The information processing apparatus according to claim 1,
The number of appearances of the same person is counted by the comparison means, and thumbnail images having time stamp information that is the same as or closest to the face images of the top three persons with the most appearances are displayed in the thumbnail image list. An information processing apparatus characterized in that the means displays in a normal size.

Detection means for detecting cheering levels in time series from audio data of video content data;
Thumbnail image extraction means for extracting a thumbnail image of at least one frame from each section obtained by dividing video content data at equal time intervals;
Each thumbnail image extracted by the image extracting means is arranged in chronological order so that a plurality of thumbnail images are displayed in a normal size and the other thumbnail images are displayed with a smaller horizontal size than the normal size. A thumbnail image list display means for displaying on the display area,
The information processing apparatus according to claim 1, wherein the plurality of thumbnail images displayed at a normal size by the thumbnail image list display unit are a plurality of thumbnail images extracted according to a cheer level detected by the detection unit.
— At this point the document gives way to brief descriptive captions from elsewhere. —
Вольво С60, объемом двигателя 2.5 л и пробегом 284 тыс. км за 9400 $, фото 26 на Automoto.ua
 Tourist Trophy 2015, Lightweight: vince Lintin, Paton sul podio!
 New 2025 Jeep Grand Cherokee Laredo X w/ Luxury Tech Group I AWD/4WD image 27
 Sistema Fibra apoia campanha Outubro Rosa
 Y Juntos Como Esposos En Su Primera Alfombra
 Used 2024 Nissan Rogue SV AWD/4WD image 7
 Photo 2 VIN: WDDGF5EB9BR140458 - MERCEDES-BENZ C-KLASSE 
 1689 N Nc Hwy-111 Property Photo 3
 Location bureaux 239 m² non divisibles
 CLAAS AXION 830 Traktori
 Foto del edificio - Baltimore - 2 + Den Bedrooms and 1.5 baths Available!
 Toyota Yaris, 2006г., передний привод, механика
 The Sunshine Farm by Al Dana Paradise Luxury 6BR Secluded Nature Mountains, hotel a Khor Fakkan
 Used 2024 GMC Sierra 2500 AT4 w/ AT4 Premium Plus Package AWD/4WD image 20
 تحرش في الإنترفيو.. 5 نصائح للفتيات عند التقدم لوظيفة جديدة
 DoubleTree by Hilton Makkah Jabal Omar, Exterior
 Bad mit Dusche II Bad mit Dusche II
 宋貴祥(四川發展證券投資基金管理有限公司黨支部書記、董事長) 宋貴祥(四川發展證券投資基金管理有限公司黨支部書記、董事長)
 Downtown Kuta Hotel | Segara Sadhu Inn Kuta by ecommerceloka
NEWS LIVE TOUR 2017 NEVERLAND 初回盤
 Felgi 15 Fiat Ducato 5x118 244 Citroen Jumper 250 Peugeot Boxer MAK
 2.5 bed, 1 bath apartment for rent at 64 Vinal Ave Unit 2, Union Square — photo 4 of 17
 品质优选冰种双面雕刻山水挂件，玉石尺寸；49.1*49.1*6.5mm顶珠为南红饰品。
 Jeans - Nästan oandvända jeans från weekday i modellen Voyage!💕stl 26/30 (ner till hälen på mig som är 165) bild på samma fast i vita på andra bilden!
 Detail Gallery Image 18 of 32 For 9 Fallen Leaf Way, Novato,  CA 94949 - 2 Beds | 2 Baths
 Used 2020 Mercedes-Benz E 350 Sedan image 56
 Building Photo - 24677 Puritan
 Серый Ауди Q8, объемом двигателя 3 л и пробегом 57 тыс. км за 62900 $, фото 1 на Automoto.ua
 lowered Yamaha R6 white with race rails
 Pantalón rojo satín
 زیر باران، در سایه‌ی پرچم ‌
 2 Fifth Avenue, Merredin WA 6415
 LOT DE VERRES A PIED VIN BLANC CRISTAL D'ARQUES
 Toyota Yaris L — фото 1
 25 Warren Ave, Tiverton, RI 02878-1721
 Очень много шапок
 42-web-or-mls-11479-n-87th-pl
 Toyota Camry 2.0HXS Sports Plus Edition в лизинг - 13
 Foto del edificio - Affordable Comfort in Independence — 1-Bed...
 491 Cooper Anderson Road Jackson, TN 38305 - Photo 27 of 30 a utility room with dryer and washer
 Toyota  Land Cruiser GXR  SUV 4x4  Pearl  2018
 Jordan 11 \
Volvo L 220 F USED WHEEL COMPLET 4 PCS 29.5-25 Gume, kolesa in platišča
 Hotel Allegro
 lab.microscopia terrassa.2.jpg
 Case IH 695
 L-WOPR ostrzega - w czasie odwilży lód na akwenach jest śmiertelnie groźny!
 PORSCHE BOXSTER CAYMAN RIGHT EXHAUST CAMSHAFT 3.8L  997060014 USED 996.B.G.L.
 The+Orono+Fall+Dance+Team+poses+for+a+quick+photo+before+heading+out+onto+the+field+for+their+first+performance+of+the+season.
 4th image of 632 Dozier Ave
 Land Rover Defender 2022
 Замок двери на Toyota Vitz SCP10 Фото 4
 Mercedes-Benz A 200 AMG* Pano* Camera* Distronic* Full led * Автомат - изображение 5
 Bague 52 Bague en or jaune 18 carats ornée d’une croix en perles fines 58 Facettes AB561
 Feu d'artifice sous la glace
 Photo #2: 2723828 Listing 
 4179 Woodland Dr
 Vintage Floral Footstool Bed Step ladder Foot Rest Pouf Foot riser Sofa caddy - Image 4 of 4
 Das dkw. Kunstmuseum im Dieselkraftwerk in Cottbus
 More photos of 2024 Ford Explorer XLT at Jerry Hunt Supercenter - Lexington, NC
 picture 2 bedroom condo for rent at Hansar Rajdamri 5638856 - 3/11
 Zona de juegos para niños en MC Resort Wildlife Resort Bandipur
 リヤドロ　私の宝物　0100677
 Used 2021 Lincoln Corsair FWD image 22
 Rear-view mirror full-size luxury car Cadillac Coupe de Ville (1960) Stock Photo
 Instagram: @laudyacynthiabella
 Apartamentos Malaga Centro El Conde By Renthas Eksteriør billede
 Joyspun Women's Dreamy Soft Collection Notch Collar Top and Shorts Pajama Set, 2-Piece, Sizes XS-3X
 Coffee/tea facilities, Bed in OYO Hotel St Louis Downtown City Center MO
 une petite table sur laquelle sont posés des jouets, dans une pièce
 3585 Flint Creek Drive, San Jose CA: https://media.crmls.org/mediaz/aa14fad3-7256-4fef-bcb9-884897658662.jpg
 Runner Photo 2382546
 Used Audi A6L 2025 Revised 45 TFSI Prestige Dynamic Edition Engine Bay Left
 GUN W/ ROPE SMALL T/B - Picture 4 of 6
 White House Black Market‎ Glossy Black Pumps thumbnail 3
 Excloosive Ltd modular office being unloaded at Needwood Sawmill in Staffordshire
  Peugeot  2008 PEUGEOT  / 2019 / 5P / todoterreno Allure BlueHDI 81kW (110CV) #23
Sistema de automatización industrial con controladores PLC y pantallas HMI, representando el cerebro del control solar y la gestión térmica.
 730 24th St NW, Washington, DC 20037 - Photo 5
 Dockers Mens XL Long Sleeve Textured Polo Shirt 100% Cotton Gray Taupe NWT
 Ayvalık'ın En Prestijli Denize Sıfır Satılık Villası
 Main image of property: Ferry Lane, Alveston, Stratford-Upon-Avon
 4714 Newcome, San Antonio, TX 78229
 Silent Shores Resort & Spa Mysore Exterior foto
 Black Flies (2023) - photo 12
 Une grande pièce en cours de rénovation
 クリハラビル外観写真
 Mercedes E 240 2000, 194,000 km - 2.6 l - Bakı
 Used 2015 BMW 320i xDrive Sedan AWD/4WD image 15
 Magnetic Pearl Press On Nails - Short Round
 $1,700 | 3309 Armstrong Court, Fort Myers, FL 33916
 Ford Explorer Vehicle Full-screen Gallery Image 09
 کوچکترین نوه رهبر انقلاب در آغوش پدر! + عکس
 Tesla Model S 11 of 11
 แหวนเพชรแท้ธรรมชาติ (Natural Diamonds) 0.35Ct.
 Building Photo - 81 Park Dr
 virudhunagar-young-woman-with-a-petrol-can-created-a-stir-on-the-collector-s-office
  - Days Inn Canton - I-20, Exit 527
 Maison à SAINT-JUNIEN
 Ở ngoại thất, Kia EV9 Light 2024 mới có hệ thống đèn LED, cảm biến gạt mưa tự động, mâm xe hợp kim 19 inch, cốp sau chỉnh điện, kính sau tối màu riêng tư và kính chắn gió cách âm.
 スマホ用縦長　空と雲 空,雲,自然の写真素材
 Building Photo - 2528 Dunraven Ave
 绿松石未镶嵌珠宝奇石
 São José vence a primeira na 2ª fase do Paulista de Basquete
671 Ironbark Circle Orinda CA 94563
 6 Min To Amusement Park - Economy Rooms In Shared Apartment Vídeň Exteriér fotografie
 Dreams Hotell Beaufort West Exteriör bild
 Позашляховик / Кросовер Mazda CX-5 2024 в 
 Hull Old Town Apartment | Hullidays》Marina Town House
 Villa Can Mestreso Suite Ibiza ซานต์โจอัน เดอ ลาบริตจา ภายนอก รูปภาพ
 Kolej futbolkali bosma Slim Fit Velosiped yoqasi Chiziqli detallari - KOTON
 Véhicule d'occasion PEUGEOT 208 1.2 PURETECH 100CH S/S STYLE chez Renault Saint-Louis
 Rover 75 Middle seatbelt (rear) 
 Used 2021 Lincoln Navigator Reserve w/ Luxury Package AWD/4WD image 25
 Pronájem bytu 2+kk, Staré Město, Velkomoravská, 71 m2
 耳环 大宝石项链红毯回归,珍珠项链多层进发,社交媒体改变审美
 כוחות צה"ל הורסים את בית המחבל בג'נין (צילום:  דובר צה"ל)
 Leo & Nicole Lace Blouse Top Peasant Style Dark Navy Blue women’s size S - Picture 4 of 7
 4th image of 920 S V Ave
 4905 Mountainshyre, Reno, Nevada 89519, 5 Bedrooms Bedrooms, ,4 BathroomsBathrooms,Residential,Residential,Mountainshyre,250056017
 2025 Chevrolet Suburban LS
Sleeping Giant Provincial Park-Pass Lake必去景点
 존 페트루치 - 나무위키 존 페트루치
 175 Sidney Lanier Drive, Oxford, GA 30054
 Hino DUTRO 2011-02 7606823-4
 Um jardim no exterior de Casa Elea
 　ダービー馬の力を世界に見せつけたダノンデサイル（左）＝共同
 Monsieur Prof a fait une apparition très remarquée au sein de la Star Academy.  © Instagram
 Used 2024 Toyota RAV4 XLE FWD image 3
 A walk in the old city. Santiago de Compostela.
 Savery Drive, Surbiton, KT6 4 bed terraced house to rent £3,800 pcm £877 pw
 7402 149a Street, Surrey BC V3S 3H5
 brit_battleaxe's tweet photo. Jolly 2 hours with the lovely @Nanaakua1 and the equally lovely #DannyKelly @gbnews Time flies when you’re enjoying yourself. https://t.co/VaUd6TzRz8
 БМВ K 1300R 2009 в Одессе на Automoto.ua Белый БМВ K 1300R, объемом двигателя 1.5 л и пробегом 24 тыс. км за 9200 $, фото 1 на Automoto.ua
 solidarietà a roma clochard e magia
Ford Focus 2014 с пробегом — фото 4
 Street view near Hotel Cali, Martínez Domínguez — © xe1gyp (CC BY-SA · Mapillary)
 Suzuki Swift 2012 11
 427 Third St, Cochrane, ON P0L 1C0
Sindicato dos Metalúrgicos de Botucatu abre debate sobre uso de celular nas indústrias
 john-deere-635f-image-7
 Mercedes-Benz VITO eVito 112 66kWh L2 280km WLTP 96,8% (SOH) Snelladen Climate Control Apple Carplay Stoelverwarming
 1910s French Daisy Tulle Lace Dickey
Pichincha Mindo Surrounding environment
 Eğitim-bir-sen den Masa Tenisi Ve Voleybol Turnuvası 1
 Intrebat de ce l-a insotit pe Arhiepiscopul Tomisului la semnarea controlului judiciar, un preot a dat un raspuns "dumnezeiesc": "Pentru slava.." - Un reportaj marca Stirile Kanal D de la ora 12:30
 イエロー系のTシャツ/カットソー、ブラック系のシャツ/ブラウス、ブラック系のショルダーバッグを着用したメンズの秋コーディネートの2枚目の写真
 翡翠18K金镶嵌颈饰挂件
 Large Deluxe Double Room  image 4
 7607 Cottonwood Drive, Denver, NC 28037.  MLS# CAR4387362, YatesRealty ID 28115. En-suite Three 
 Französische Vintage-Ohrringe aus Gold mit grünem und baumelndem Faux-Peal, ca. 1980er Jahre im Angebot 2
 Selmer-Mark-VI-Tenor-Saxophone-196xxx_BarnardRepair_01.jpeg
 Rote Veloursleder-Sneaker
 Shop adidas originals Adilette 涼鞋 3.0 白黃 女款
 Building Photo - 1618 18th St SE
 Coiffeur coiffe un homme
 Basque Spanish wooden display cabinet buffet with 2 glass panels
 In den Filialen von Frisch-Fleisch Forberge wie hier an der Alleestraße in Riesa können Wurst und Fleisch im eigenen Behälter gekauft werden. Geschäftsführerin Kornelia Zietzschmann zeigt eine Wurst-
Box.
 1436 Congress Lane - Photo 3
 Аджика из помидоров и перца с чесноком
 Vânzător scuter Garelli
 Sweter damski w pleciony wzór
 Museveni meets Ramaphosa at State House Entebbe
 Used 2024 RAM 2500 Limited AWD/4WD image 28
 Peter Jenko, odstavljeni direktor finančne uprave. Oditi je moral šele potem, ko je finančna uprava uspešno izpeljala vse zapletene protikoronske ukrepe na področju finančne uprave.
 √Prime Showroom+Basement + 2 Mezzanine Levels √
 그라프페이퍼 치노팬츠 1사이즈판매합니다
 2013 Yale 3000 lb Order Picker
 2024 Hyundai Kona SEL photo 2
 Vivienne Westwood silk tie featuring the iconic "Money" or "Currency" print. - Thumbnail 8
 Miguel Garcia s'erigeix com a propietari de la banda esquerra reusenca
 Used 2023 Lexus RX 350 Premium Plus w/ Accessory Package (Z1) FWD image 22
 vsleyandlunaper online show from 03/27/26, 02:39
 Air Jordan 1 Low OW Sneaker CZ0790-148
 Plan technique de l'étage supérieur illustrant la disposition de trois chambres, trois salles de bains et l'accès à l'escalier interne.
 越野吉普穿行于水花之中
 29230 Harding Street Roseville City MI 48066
The thumbnail image extraction means extracts time stamp information in which the thumbnail image appears in the video content data together with each thumbnail image,
The plurality of thumbnail images displayed as a normal size by the thumbnail image list display means are thumbnail images having time stamp information that is the same as or closest to a plurality of higher-level cheer levels detected by the detection means. The information processing apparatus according to claim 7.